What you have to do: Some entries follow. Reproduce exactly the lines starting at the one with "Flat lay composition" and stopping after the one with "geometric and greenery".

Available data:
[Start of section]
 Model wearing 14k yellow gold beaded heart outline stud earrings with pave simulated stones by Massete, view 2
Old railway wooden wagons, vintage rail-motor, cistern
[End of section]
[Start of section]
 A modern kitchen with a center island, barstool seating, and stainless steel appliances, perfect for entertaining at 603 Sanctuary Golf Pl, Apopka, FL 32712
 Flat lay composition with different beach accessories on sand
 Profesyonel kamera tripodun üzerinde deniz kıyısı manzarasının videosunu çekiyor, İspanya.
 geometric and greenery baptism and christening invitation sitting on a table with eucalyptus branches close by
[End of section]
Completed exercise:
 Flat lay composition with different beach accessories on sand
 Profesyonel kamera tripodun üzerinde deniz kıyısı manzarasının videosunu çekiyor, İspanya.
 geometric and greenery baptism and christening invitation sitting on a table with eucalyptus branches close by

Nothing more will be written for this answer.